The social value of gift-giving

We have forgotten, perhaps, what it means, really, to exchange gifts at Christmas. The ancient root of the word “gift” indicates the creation of a social relationship. According to the principles of classical economics, a good has two values: of use, because it satisfies a need; of exchange, because it procures other goods. The gift adds a third, the bonding value: a donated good creates new bonds, as well as strengthening existing ones. Anthropologists, studying traditional societies, have found that it is through gifts, even small and of modest economic value, that humans establish social relationships, embedded in objects.

A good that one receives from a loved one is a repository of memory. According to Marcel Mauss, grandson of the father of sociology, Émile Durkheim, and author of the masterful “Essay on the Gift” (1924), there is a soul in donated objects, which binds them to the giver.
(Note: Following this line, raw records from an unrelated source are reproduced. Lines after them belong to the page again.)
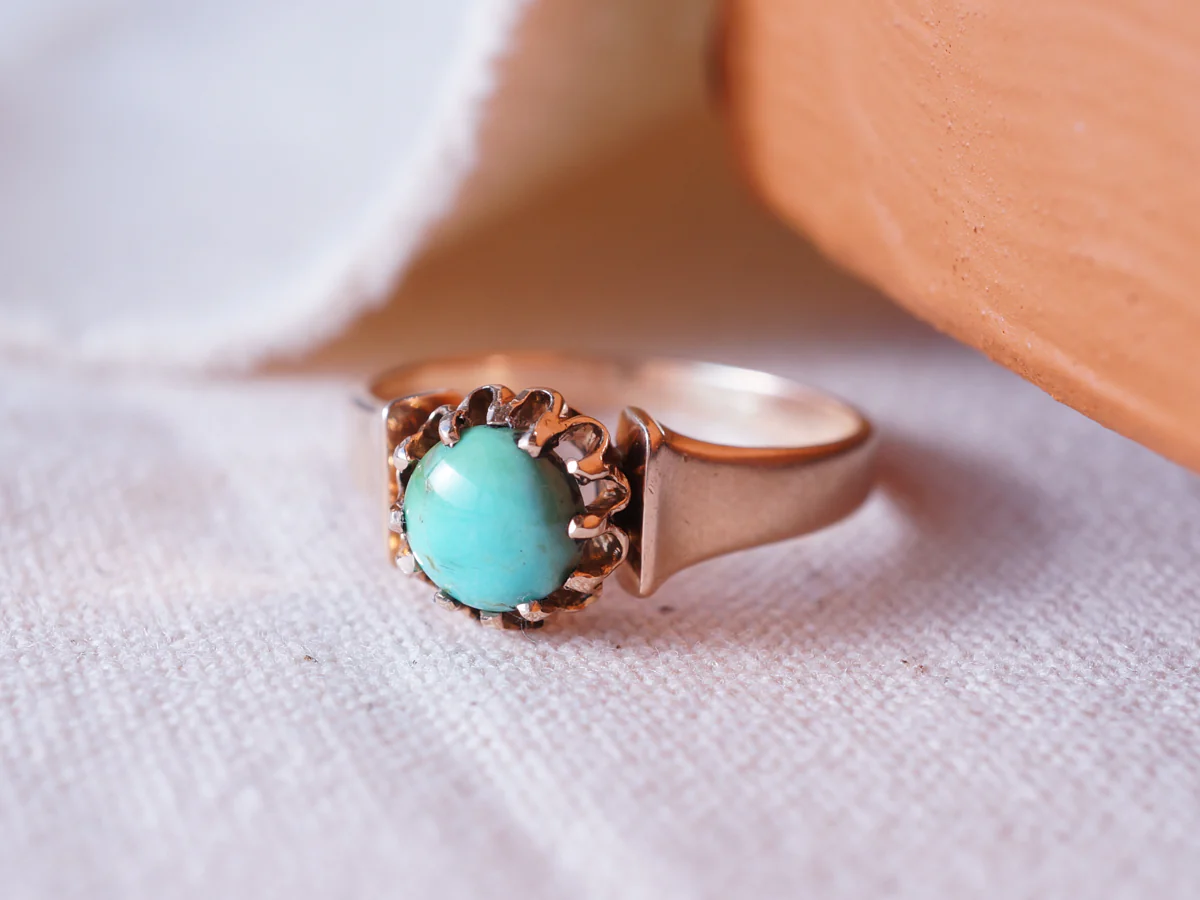 Victorian Turquoise Cocktail Ring in 14k Yellow Gold - Image 7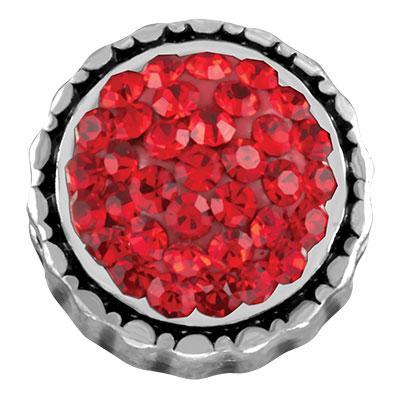 Light Siam Round Pave Cluster Slider Charm - Goody Beads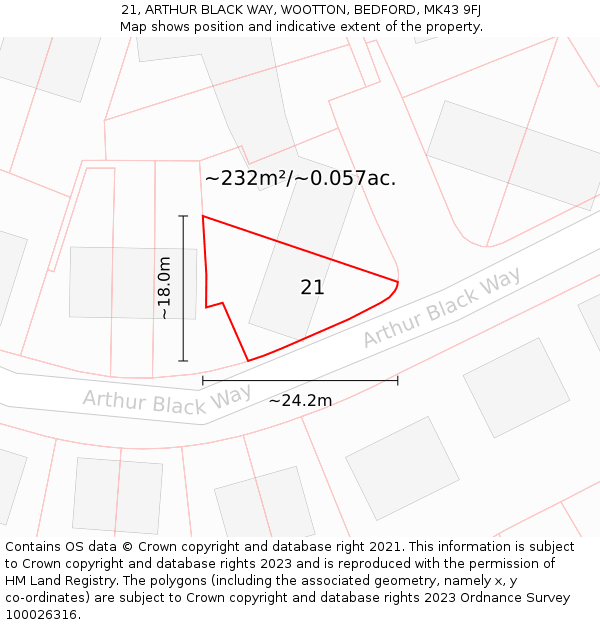 21, ARTHUR BLACK WAY, WOOTTON, BEDFORD, MK43 9FJ: Plot and title map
This force causes each object, sooner or later, to tend to return to its owner either in its original form or in the form of other equivalent gifts. Mauss, in particular, refers to hau, a concept that for the Maoris of New Zealand expresses a vital essence inherent in human beings.

Comparing ethnographic research by Franz Boas and Bronisław Malinowski, Mauss explains that when a product is given to others, the spirit of the object seeks to find its place of origin. According to the French anthropologist, gifts retain a force transmitted by the person who makes them. This is because they are a kind of extension of individuals, who identify with the things they possess and exchange.
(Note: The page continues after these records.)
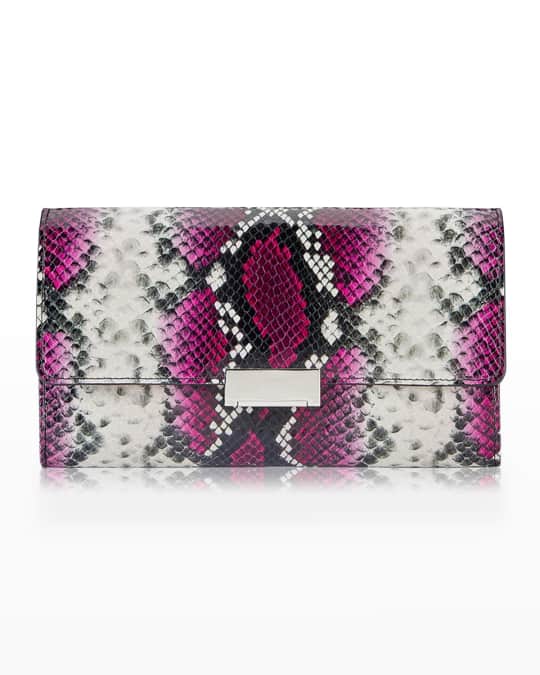 Gigi New York Melrose SnakePrint Clutch Bag Neiman Marcus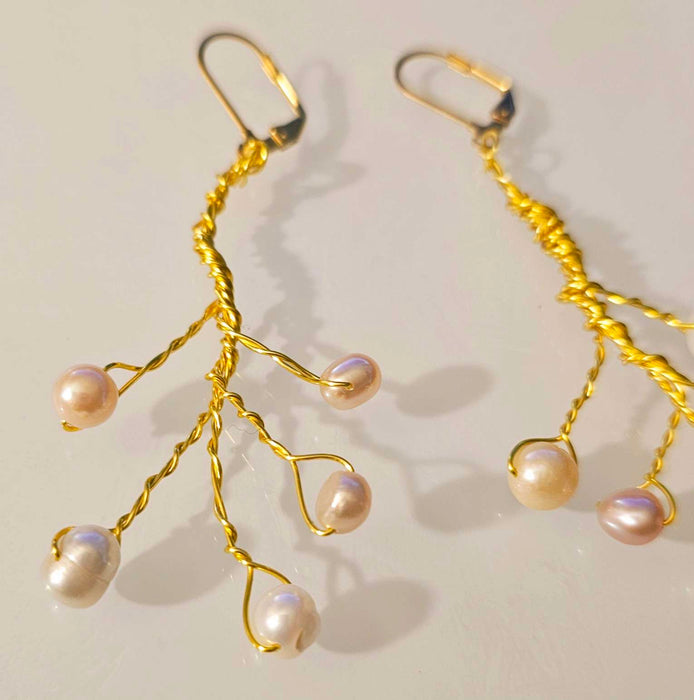 Handmade Real Pearl  Earrings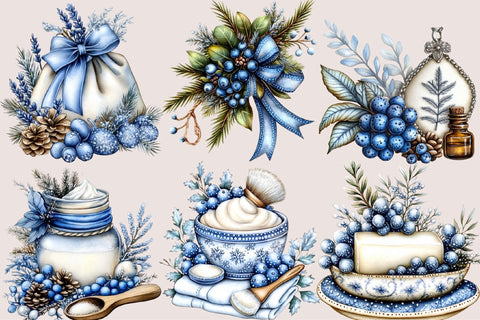Watercolor Winter Spa Clipart Bundle Sublimation SVGArt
The triangle of giving-receiving-reciprocating

Unlike a mercantile exchange that is based on the immediate abolition of debt, the obligation to return the gift is moral, not contractual. The gift, in fact, implies a strong dose of freedom. There are no rigid or sanctionable rules and time frames, only trust. So why do we feel, often, the duty to reciprocate? Counter-giving, being able to occur with uncodified deadlines, transforms time into bonding. Giving establishes a positive imbalance, which creates and keeps the relationship alive, ensures union between giver and receiver: by giving we commit our time and the time of others because we hope that a friendship, a love, a working relationship will continue. Giving is always a request for fidelity, in which the commitment to give back is at the other’s choice; the gift binds and liberates at the same time.

Exaggerated solicitude to discharge an obligation is a form of ingratitude.

François de La Rochefoucauld

Because giving means shedding light on the bond

When we give something to someone, we also do a personalized act. We will give, probably, something that we like, but keeping in mind the tastes and characteristics of the recipient. Therefore, in that gift there will be something of us and something of who will receive it, because objects are receptacles of identity.

At Christmas, then, giving should have nothing to do with consumerism and “gift anxiety”. We also celebrate birth by receiving gifts from each other. For everyone, believers or not, giving gifts means giving light. The Romans with Saturnalia celebrated the predominance of the Sun over darkness. For Christianity, however, the light is that of God. Christmas, in some way, is the “birthday of all”, so we remember to exchange gifts, a completely human way to make visible, in all its truth, the state of our relationships.